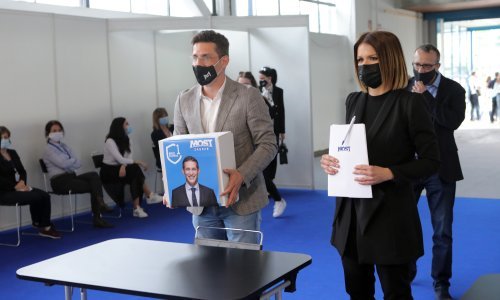 [VIDEO] Troskot predao 8700 potpisa: Štand je najbolja anketa, imamo šanse za drugi krug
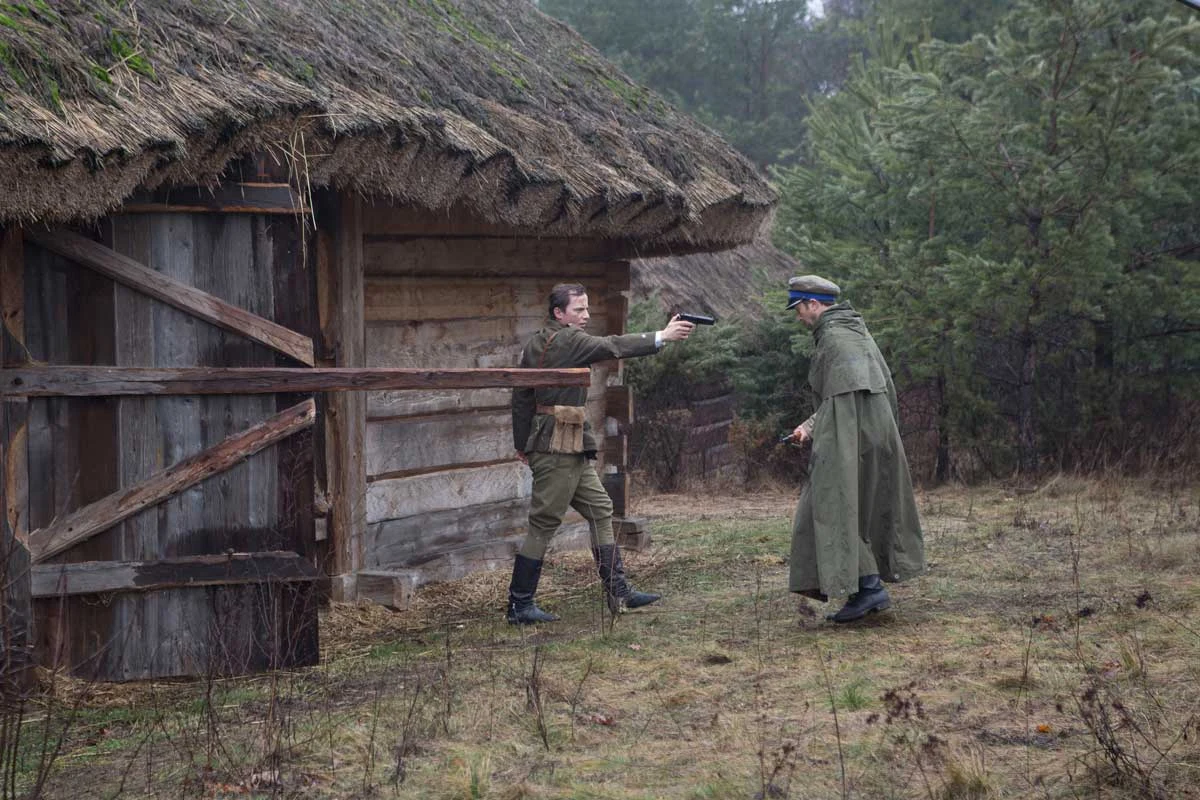 Wojciech Niemczyk w scenie z filmu "Wyklęty"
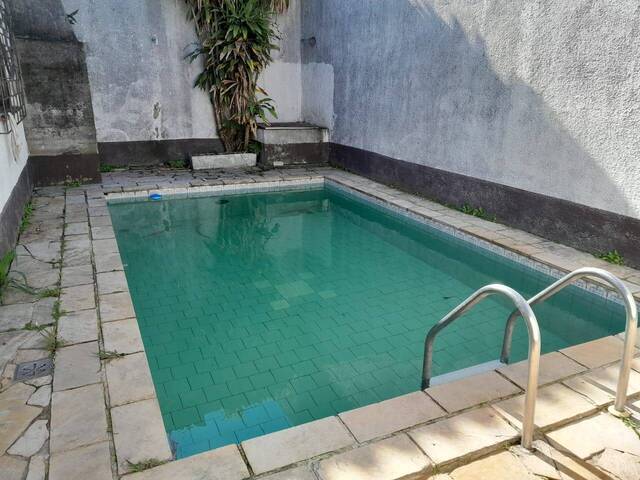 Sobrado para Venda em Porto Alegre - 2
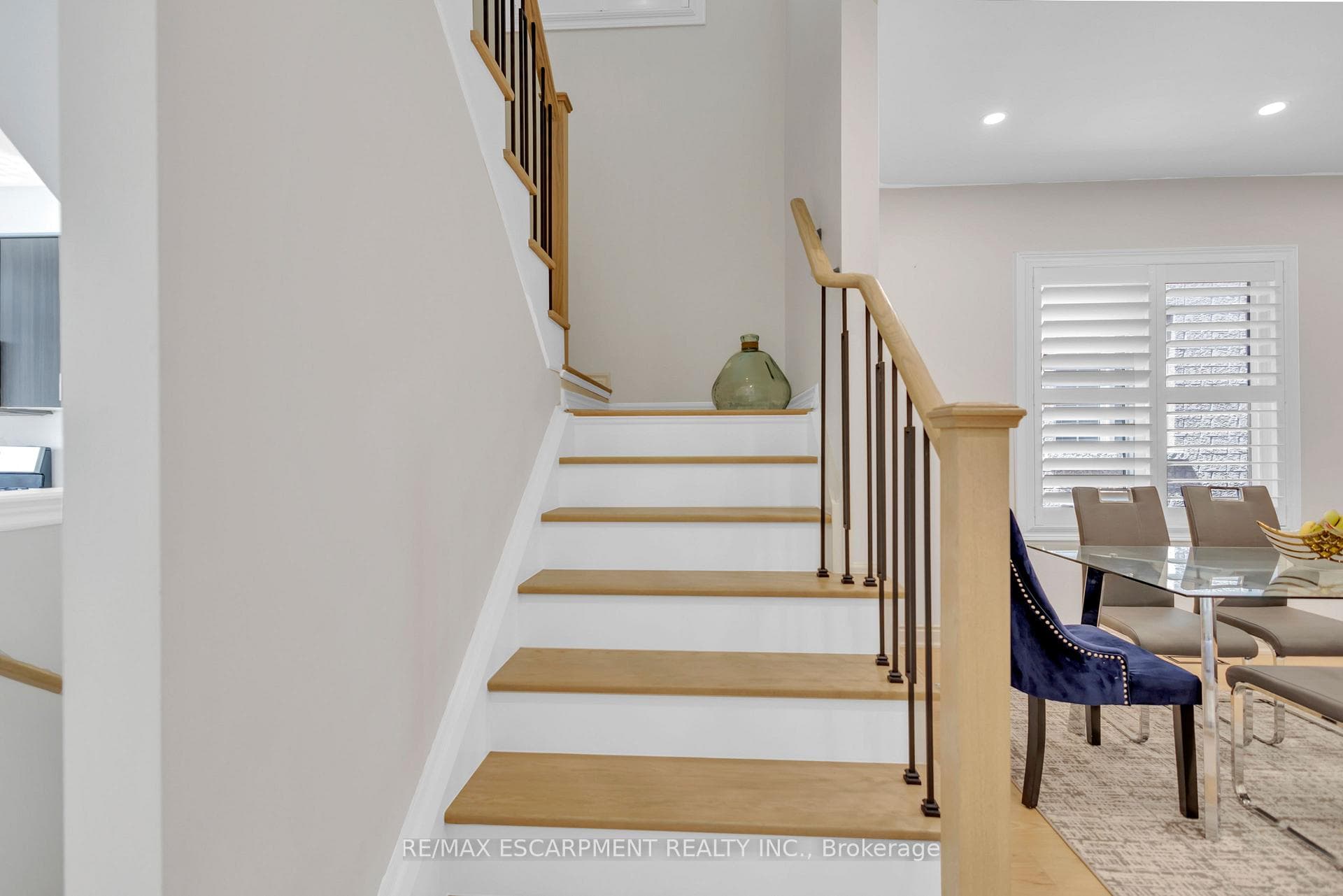 1454 Chretien Street photo 13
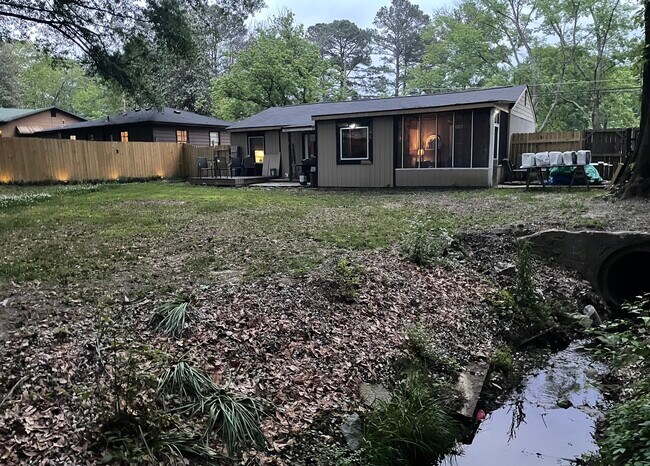 Building Photo - 724 Commodore Dr NW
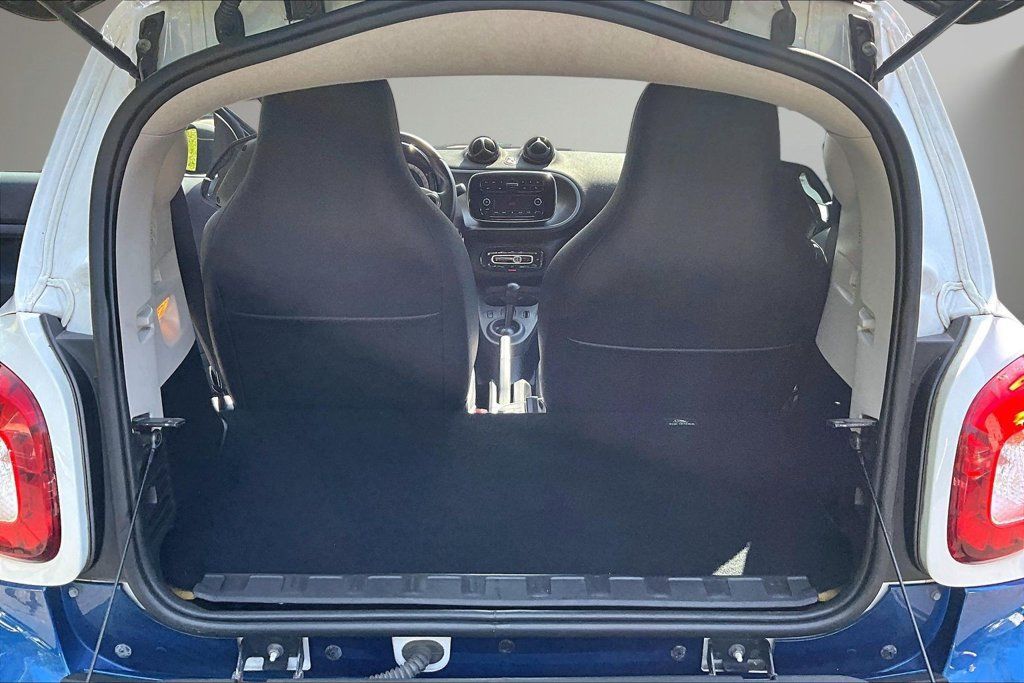 Used 2016 smart fortwo Prime RWD image 7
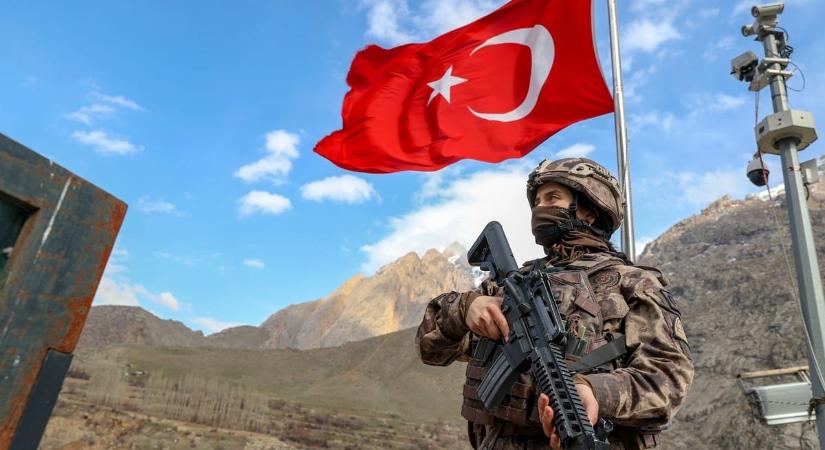 Az Iszlám Állam 147 feltételezett tagját vették őrizetbe a török hatóságok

- WORK REQUIRED -
First drop every picture, then print the data above exactly as it stands.

- RESPONSE FOR THIS EXERCISE -
 [VIDEO] Troskot predao 8700 potpisa: Štand je najbolja anketa, imamo šanse za drugi krug
 Wojciech Niemczyk w scenie z filmu "Wyklęty"
 Sobrado para Venda em Porto Alegre - 2
 1454 Chretien Street photo 13
 Building Photo - 724 Commodore Dr NW
 Used 2016 smart fortwo Prime RWD image 7
 Az Iszlám Állam 147 feltételezett tagját vették őrizetbe a török hatóságok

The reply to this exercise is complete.